The dataset is intended to accelerate pretraining and post-training for AI models used in applications like warehouse robotics, humanoid surgical assistants, and AVs navigating complex traffic conditions. NVIDIA said the dataset will also feed into its existing platforms, including Cosmos, DRIVE AV, Isaac, and Metropolis. Research institutions such as the Berkeley DeepDrive Center, Carnegie Mellon Safe AI Lab, and UC San Diego’s Contextual Robotics Institute are early adopters.
NVIDIA highlighted that physical AI model development typically requires extensive, diverse data to train robust systems. The company emphasized that collecting and curating such data can be cost-prohibitive, especially for smaller organizations. The dataset’s scale is designed to enhance safety research, with tools like NVIDIA NeMo Curator allowing for faster processing of large video datasets.
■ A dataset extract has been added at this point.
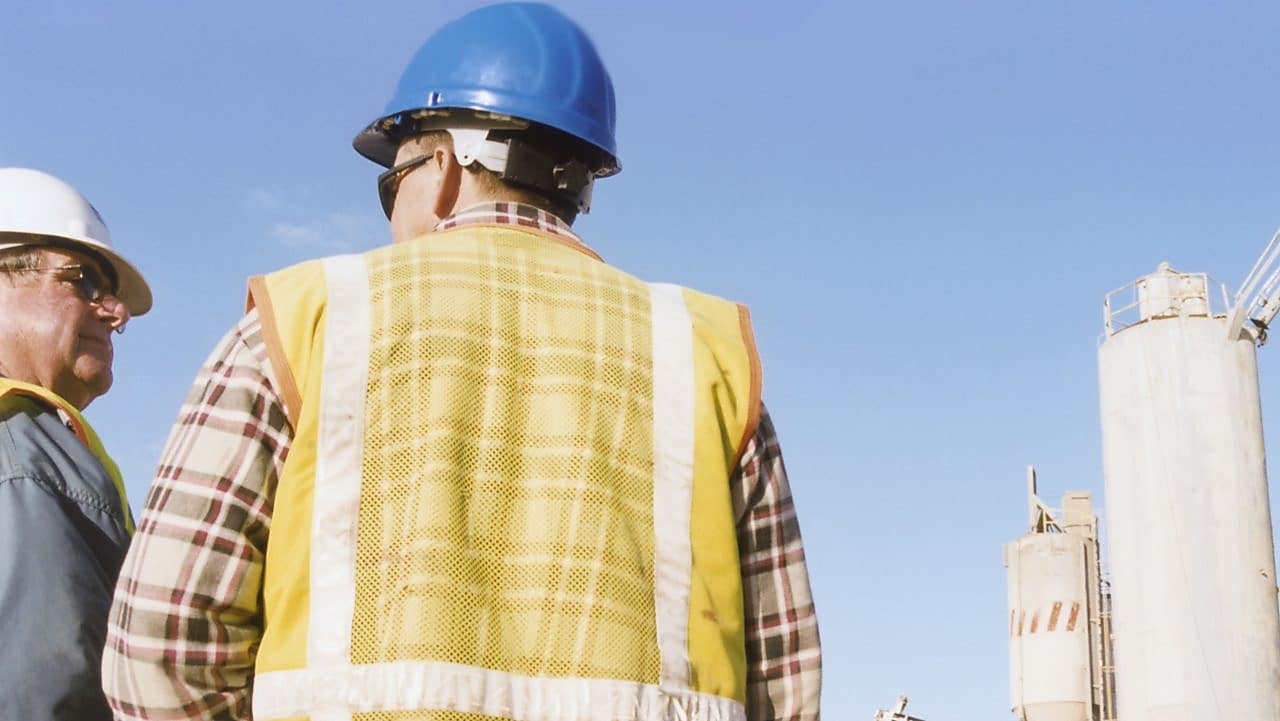 Men talking at a cement plant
Developers can also leverage NVIDIA’s Isaac GR00T workflow for generating synthetic robot manipulation data.
• NVIDIA launched a 15TB open-source dataset for physical AI development.
• Dataset includes 320,000+ robotics training trajectories and 1,000 OpenUSD assets.
• Autonomous vehicle dataset expansion will cover 1,000+ cities across the U.S. and Europe.
• Supports NVIDIA Cosmos, DRIVE AV, Isaac, and Metropolis platforms.
• Early adopters: UC Berkeley, Carnegie Mellon, UC San Diego labs.
• Enables faster AI model training for safety-critical applications.
• NVIDIA NeMo Curator processes 20 million hours of video in two weeks on Blackwell GPUs.
• Dataset is available now on Hugging Face.
“We can do a lot of things with this dataset, such as training predictive AI models that help autonomous vehicles better track the movements of vulnerable road users like pedestrians to improve safety,” said Henrik Christensen, director of robotics and AV labs at UC San Diego.